Solved: Re: PROC PLS, Is W (Xweights) has different calculation than the stand...

jky · Posted 03-21-2025 04:40 AM

Hi,

I hope you're well.

I am trying to run proc pls on a dataset (description shown below) for one factor (nfac = 1). I have read that for a single factor, the results (include xweights) should be the same regardless of the algorithm/method used (NIPALS or SIMPLS should produce the same results). Although the coefficients and R-squared values match with library in opensource in R/Python, though the xweights are slightly different. Does anyone know if SAS applies any additional rules that other open-source packages do not? Ex. do SAS use specific type of SVD/norms...... I don't think this is due to whether the data is mean-centered or scaled, as I have carefully checked this.

About my data:

1. Only one response variable

2. 60 independent variables

3. 10 observations

(it's high dimension with very low observations)

Thanks,

PaigeMiller · Posted 03-21-2025 06:30 AM

The difference in the weights is just a scaling factor. The SAS value divided by the R value is always approx 1.042. SAS and R obviously have scaled the weights differently, but it makes no difference at all to anything. (Why? Because these are multiplied by what SAS calls the "Inner Regression Coefficient" to obtain predicted values, the scaling of this value is also adjusted to get the proper predictions; and R uses a different scaling there so these "Inner Regression Coefficients" don't match between R and SAS, but when the multiplication happens the scaling difference cancel out).

--
Paige Miller

View solution in original post

Ksharp · Posted 03-21-2025 05:11 AM

The eigenvalue and eigenvector generated by sas or result from SVD is different than R or other package.
@Rick_SAS mentioned it before. Rick might explain it more details for you .

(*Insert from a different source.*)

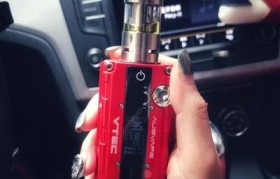 電子煙抽著肚子疼(一抽電子煙肚子疼)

jky · Posted 03-21-2025 06:05 AM

Hi Ksharp,

Thanks for your reply! Interesting, I would like to learn more about how SAS compute SVD differently from Python or R.

Thanks,

Rick_SAS · Posted 03-21-2025 06:37 AM

> I would like to learn more about how SAS compute SVD differently from Python or R.

KSharp said that SAS and R compute eigenvectors differently, but what he should have said is that eigenvectors (and singular vectors) are not unique. Even after you standardize the eigenvectors to have unit norm, there is still a non-uniqueness property because if v is an eigenvector than so is -v. For the same problem, SAS might produce one (correct) eigenvector whereas R produces a different (equally correct) eigenvector that has the opposite sign.

Eigenvalues (and singular value) are unique, so those will agree up to some number of decimals.

And if this problem gets worse if there are non-unique eigenvalues because then the basis for the eigenspace does not have a unique representation.

Rick_SAS · Posted 03-21-2025 05:45 AM

> ... the xweights are slightly different.

Please post an example. For example, post the first 5 weights from SAS and the same weights from open source. Are the differences as that SAS reports the numbers to 6 digits whereas R reports 8 digits? Or are some weights in SAS the opposite sign as the weights in R? Or something else?

Also, please post your SAS code.

I encourage you to check the number of PCA components used for each model. Perhaps SAS is basing the model on k PCA components and your R model is using a different number of components.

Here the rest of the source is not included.